> **Supplied data**:
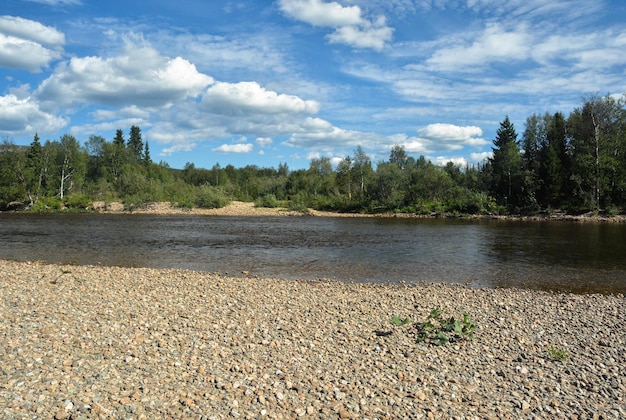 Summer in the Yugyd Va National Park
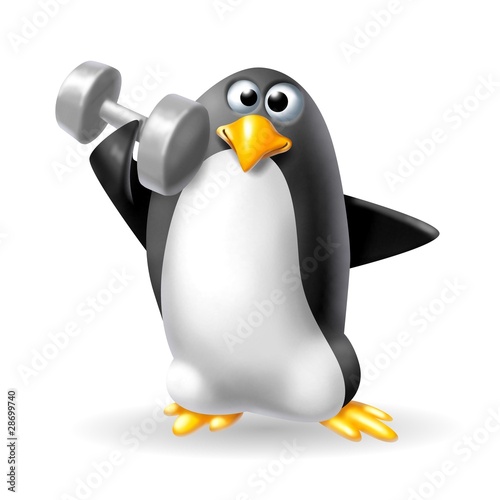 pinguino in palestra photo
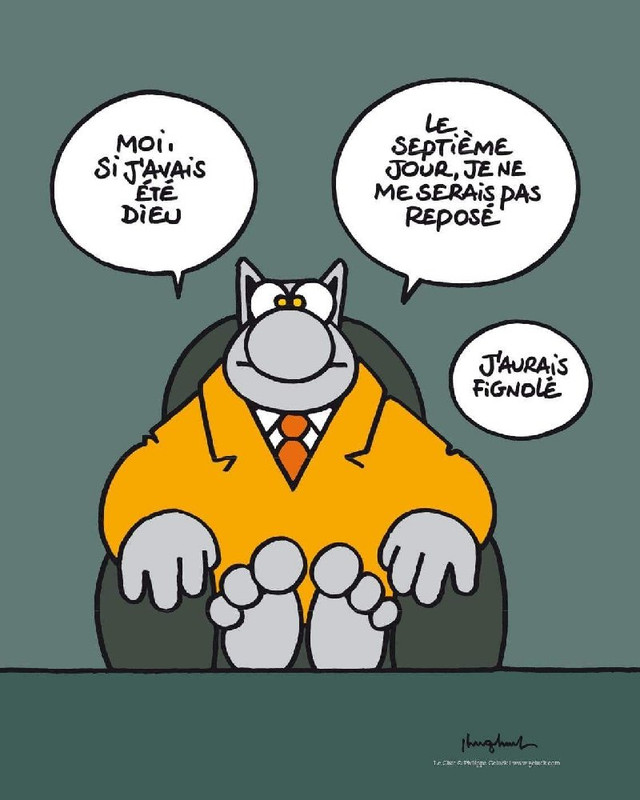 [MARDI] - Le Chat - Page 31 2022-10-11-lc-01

==

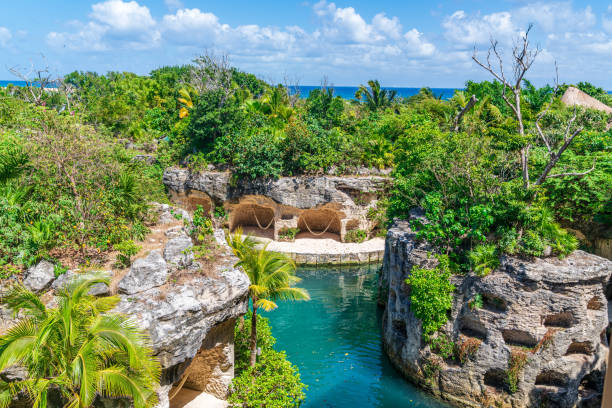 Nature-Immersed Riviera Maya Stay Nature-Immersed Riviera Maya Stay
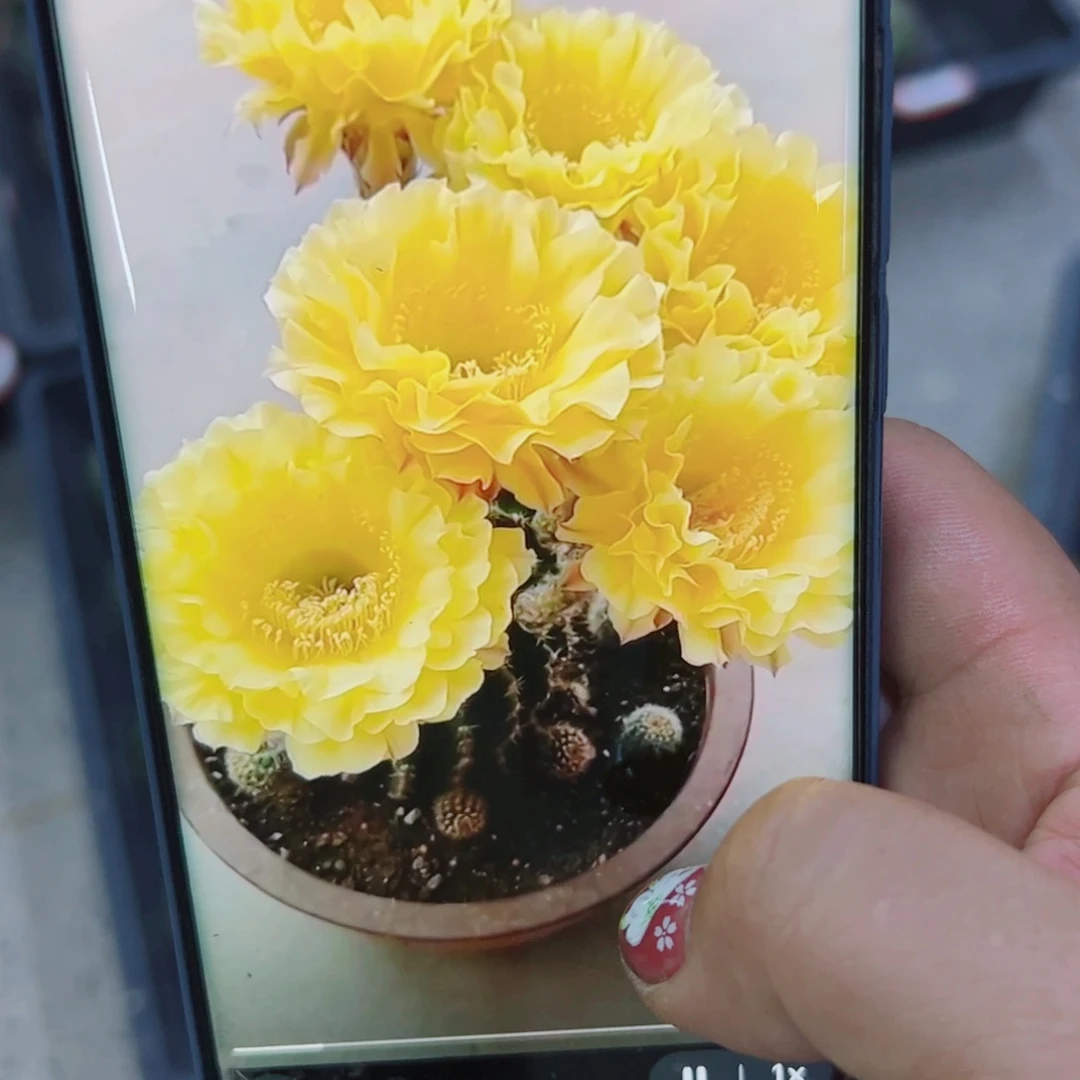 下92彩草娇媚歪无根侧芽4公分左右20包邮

> **What you should do**:
Although pictures appear among the records above, write out exactly only the lines from the one that has "Summer in the Yugyd Va National Park" through the one that has "[MARDI] - Le Chat - Page 31 2022-10-11-lc-01", and leave the pictures out.

> **Task answer**:
 Summer in the Yugyd Va National Park
 pinguino in palestra photo
 [MARDI] - Le Chat - Page 31 2022-10-11-lc-01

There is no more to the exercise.